Wednesday, February 6, 2013

Large Reporting Jobs with Amazon RDS Read Replicas (MySQL)

  I recently came across a project where a monthly report was overwhelming a small multi-AZ MySQL RDS instance. For 29 days of the month the small instance was sufficient, but running the monthly report would not only take days to complete, but it would bog down the entire website while it was running.

  First, a little background. The website in question is a public internet facing website. It consists of two small web server instances behind an Elastic Load Balancer, a small multi-AZ RDS instance, and a small instance used for running administrative processes and reports.

   In a non-cloud environment the only answer would be to either upgrade the database server, or add a second database server dedicated for reporting jobs. Luckily this website was running in AWS.
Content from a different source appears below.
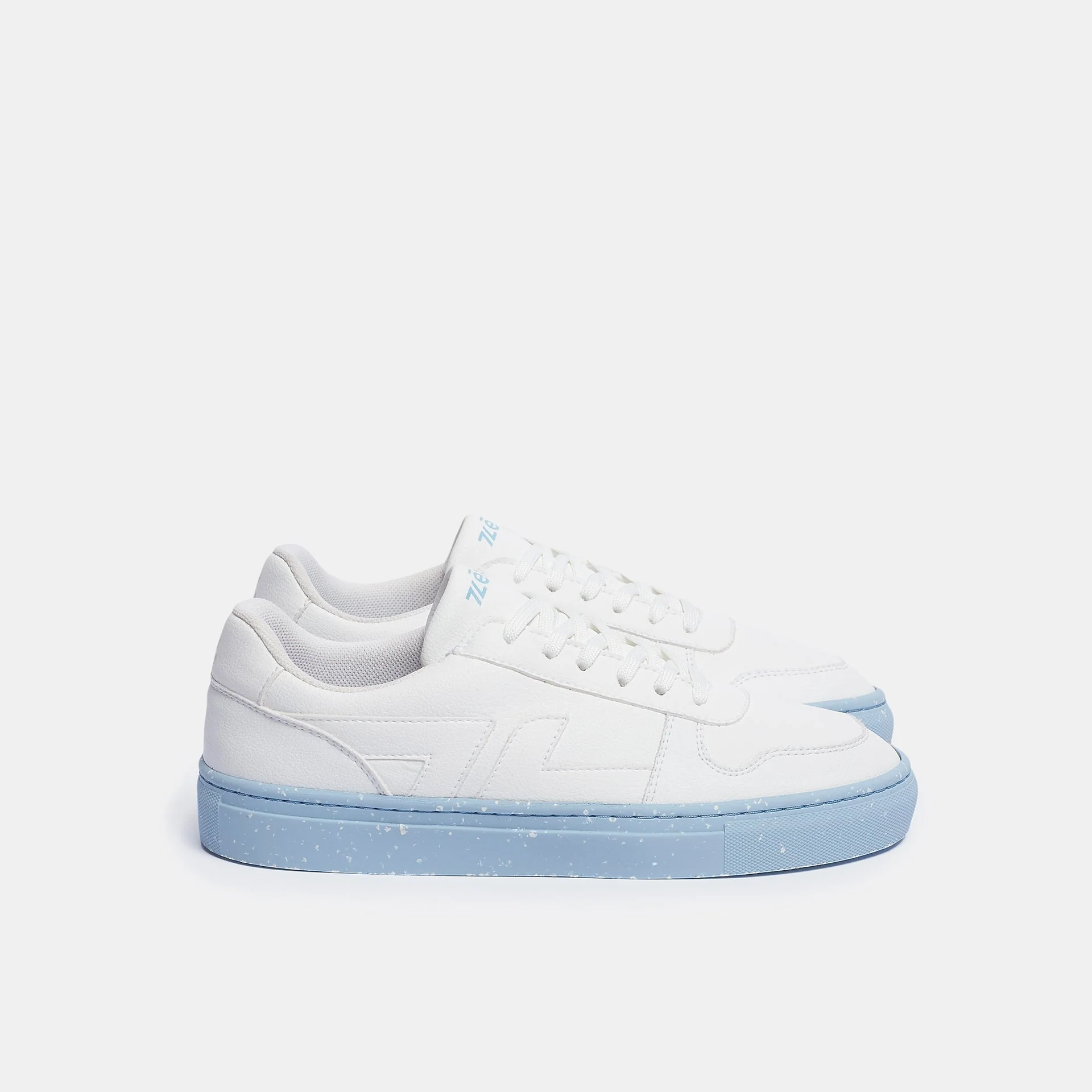 Alpha Bicolors Azul Sneakers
  With AWS we could easily upgrade the database to a larger instance to support the production load and the monthly report, but the extra capacity provided by the larger instance would be expensive and go unused for all but one day a month. We could manually create a read replica, allowing the reporting job to run against another small instance, but that the job would still take days to complete, and again we'd be paying for unused resources for most of the month. 
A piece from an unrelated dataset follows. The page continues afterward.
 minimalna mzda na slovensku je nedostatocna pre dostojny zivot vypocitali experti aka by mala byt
  The answer we came up with was simple - we modified the reporting job to take advantage of the AWS API and launch a huge read replica of the database. The job flow went like this:
  1. Launch High Memory Double Extra Large read replica of the RDS instance*
  2. Once the read replica was online execute our monthly report
  3. Destroy read replica once the job completes**
  4. Email report results to interested parties
  This solution is the best of both worlds - The monthly report gets to take advantage of the resources available in the larger database instance to complete in hours instead of days, and the customer only pays for the resources they actually need. Instead of paying several hundred dollars per month to upgrade the multi-AZ instance to support both workloads, the customer ended up paying about $10 a month for better results.

  The moral of the story is that while it's totally possible to treat cloud resources just like traditional servers in a data center, you're usually doing yourself a disservice by doing so. By taking advantage of the extra flexibility and features built into most cloud platforms you can not only save money, but also provide an all around better experience for yourself and your end users.